Jeffrey Gordon is the Richard Paul Richman Professor of Law at Columbia Law School and co-director of its Center for Law and Economic Studies. He is also a fellow of the European Corporate Governance Institute. He teaches and writes extensively on corporate governance, mergers and acquisitions as well as financial regulation. He recently published “Confronting Financial Crisis: The Case for a Systemic Emergency Insurance Fund” (2011,with Christopher Muller) and has posted working papers on financial crisis-related executive compensation, money market funds and a paper entitled “The Micro, Macro, and International Design of Financial Regulation” (co-authored with Colin Mayer). Gordon practiced at a New York law firm early in his career and worked in the general counsel’s office of the U.S. Department of the Treasury. While at Treasury, he worked on the Chrysler Corporation loan guarantee program and financial regulation.
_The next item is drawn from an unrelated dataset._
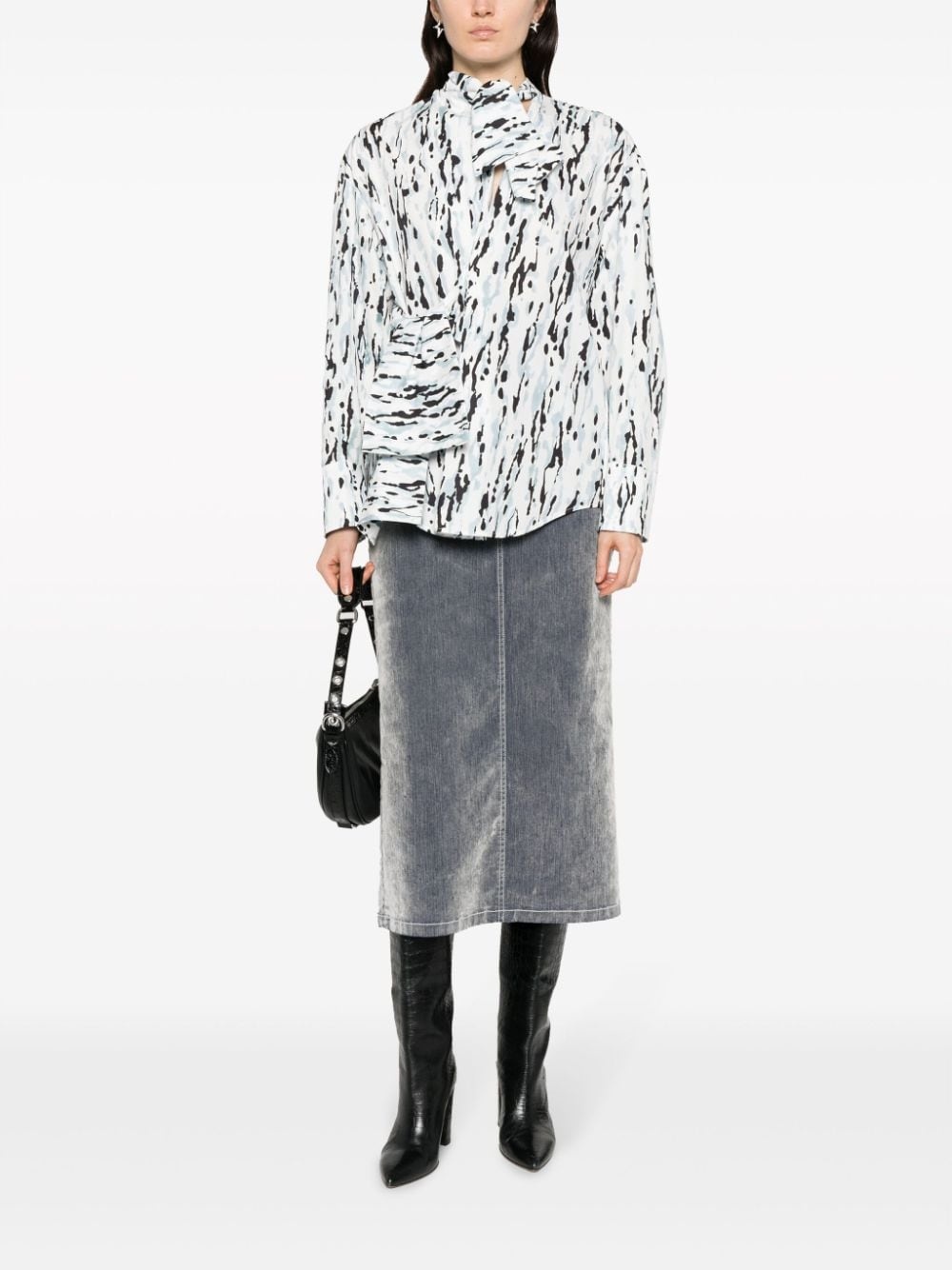 graphic-print cotton blouse - 2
Paul Stevens has served as president and CEO of the Investment Company Institute since June 2004. He is also a director of ICI Mutual Insurance Company. Before, he was ICI's general counsel. Outside ICI, Stevens' career has included varied roles in private law practice, as corporate counsel and in government service. He was a leader of the financial services practice of Dechert LLP and general counsel for mutual funds and international enterprise at Charles Schwab & Company Inc. Earlier in his career, Stevens served as special assistant for national security affairs to President Reagan, as executive secretary and legal adviser of the National Security Council and in other senior positions at the White House and the Pentagon. Upon leaving government service, he received the U.S. Department of Defense (DOD) Medal for Distinguished Public Service, DOD's highest civilian decoration. His current community and civic activities include service on the Finance Council of the Catholic Diocese of Arlington and the executive board of the National Capital Area Council of the Boy Scouts of America.
Peter J. Wallison holds the Arthur F. Burns Chair in Financial Market Studies and is co-director of AEI’s program on financial policy studies. At AEI, Wallison researches banking, insurance and securities regulation. Before joining AEI, he practiced banking, corporate and financial law at Gibson, Dunn & Crutcher, in both Washington, D.C., and New York. From June 1981 to January 1985, he was general counsel of the U.S. Department of the Treasury, where he played a significant role developing the Reagan administration’s proposals for deregulation in the financial services industry. He is a frequent contributor to the op-ed pages of The New York Times, The Wall Street Journal and Financial Times. He has also written a book on campaign finance reform entitled “Better Parties, Better Government: A Realistic Program for Campaign Finance Reform” (AEI Press, 2009).